Constantly heightening…
For no particular reason, I started thinking about weather effects in the D&D campaigns that I have ever been in. In the sessions that I have run, I tend to like to use weather to color a scene and not generally as the main focal point of a game, however I have often run into the problem of how to introduce weather as being significant when it hasn’t been to your characters up to this point.
This problem is compounded by the fact that as characters get higher and higher in level, they tend to be less and less concerned about environmental factors to their adventures. You could always cop out and make some sort of “killer storm” crop up that does 20d6 lightning bolts, but that just seems a little tired and obvious.
The only sessions that I have been truly impressed by the use of weather as a plot point happened to be a seafaring adventure that we did. The DM essentially made a terrible storm that just hung around and kept getting progressively worse, until it spawned elementals for the group to do battle with. The combination of setting, urgency (if we didn’t get off the ship, it was going to sink into the middle of the ocean), and appropriate use of weather-based creatures made this scene a real winner in my mind.
I would love to hear some other success stories where DMs (or players) have used weather to augment a story in a organic, meaningful way. I tend to struggle with this as a DM, hopefully the comments will generate some great new ideas!
You don’t need it to be an actual threat for your PCs to take it seriously…
e.g. you’re well within your rights to call for some endurance checks or lose a healing surge. Whether they make the checks or not, it will make them understand the severity and impact of the storm, and even if they fail losing one healing surge stings a lot but isn’t actually all that painful in the long run.

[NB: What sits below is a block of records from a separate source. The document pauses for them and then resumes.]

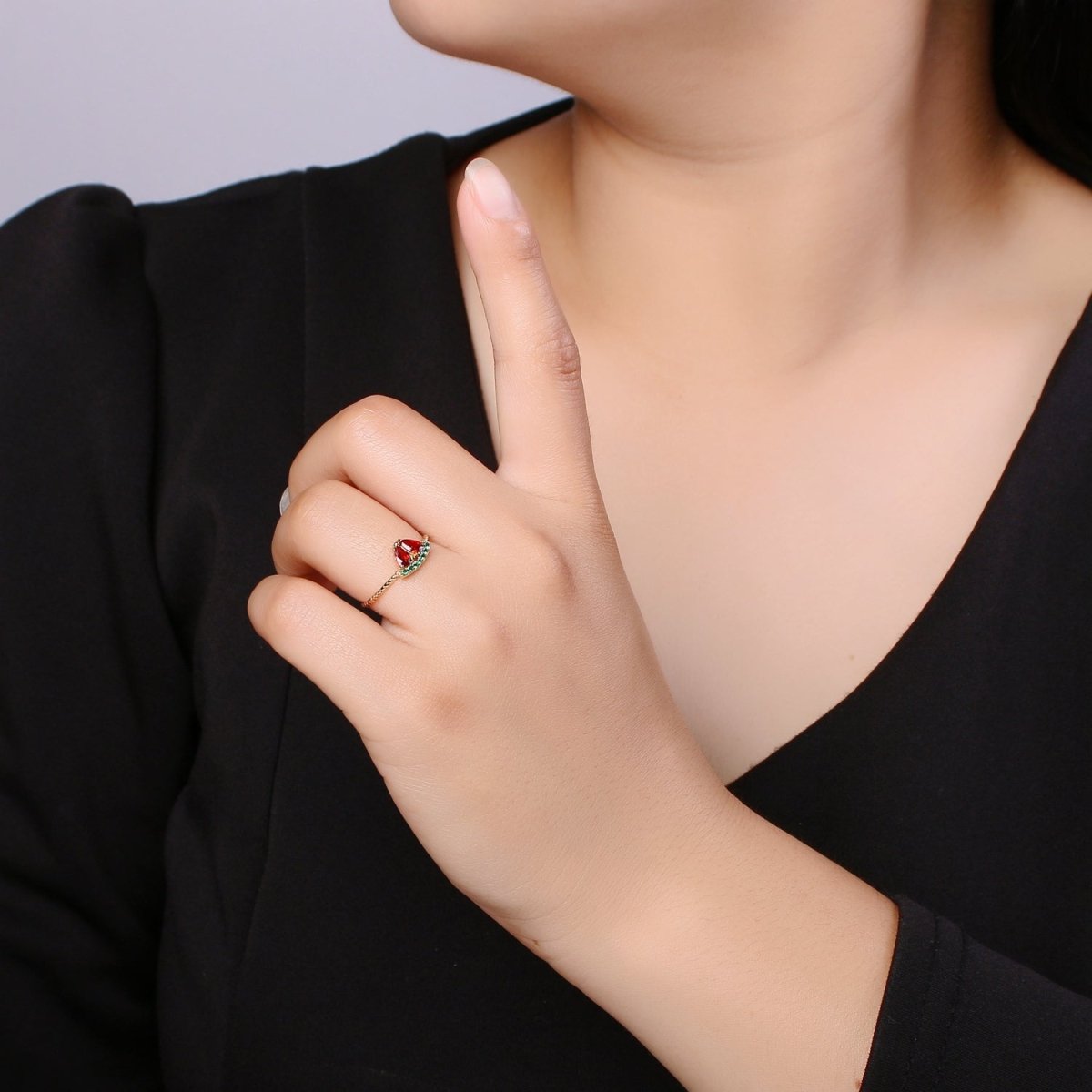 Red Watermelon Gold Filled Adjustable Ring - R493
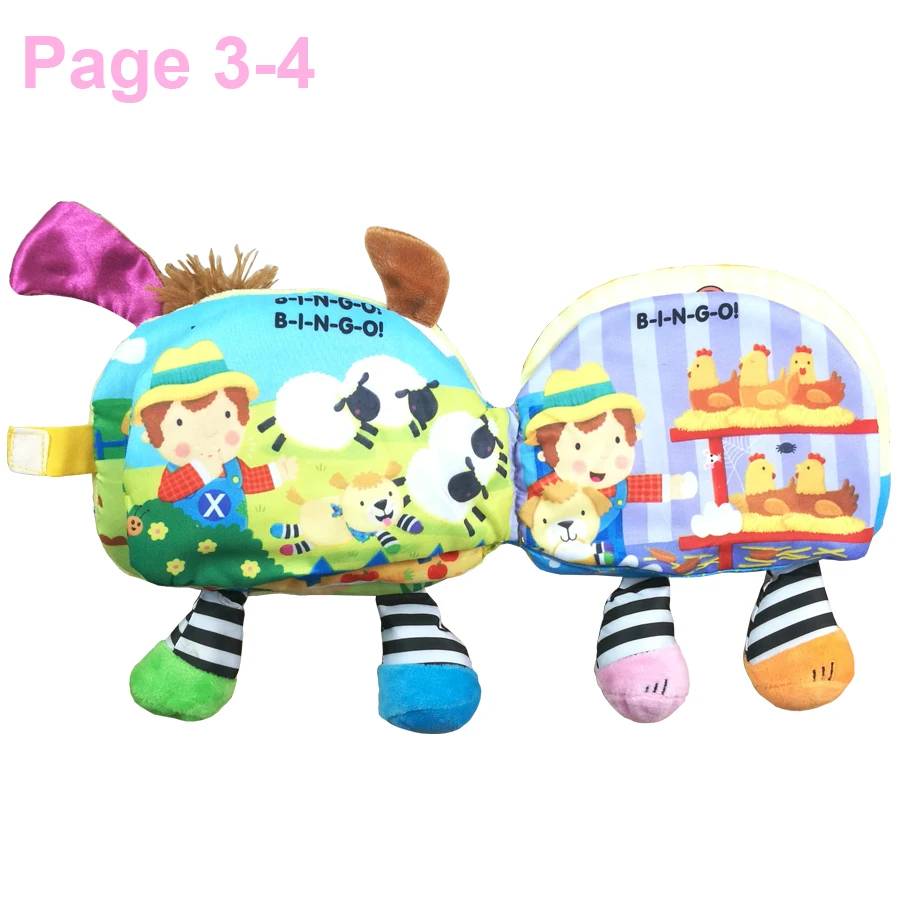 Baby Cartoon Dog Deer Rattles Plush Cloth Book Children Durable Learning Cloth Book Animal Clothes Book Early Education Toy DS19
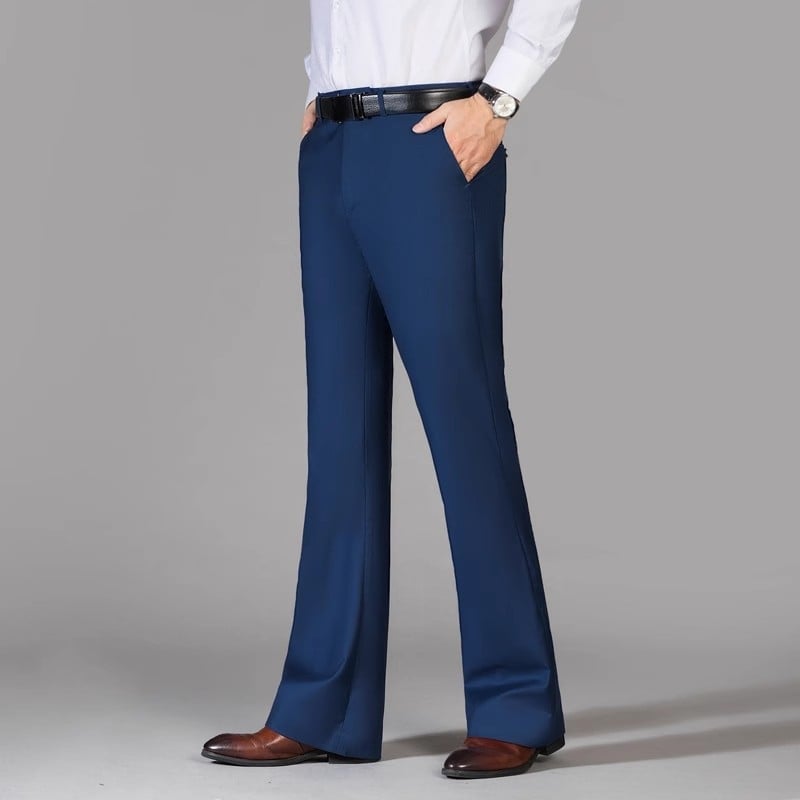 Pantaloni bărbați micro-flare, subțiri pentru vară, largi, croială dreaptă, talie înaltă, fermoar, respirabili, fără călcare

How about a desert sandstorm to lose players track? Add to the confusion camels panicking, and resulting loss of a magnet they packed for just this occasion, and even a high level party is going to be in trouble if they don’t have enough water.
Weather does not need to be considered in terms of direct damage to the PCs. Weather should be integrated into the environment and story. Weather can set the mood of an adventure, and help provide the sensory details for a scene. Weather can also become highly important to the PCs because of its effect on the world with which they are interacting. If you have developed a campaign in which the PCs care about elements of the world you and they are creating, the PCs will naturally and intimately care about, e.g., storms that threaten the crops, a town that is being flooded, winter snows that will foreclose an opportunity to send an army marching or get a trade caravan to its destination. In my opinion, weather is best used as part of the overall storytelling.
Of course, weather can become a large scale natural disaster, as well. I have used disasters in the past as a momentous event in a campaign, and its effect on the PCs can be dramatic, reminding them of the relative insignificance of individual humans, even a high level D&D character, when compared with the world shaking power of nature. This type of event can also have divine implications – for instance, I once had a party unwittingly help a zealot access a divine artifact to beg aid in retaking his former homeland, and the divine response of a towering wall of water had the sobering results of killing thousands of innocents and sterilizing the soil with salt. If your campaign story is highly involved with divine struggles, such events punctuate climaxes. However, such large scale events should, in my opinion, be used infrequently and cautiously, to preserve their effect.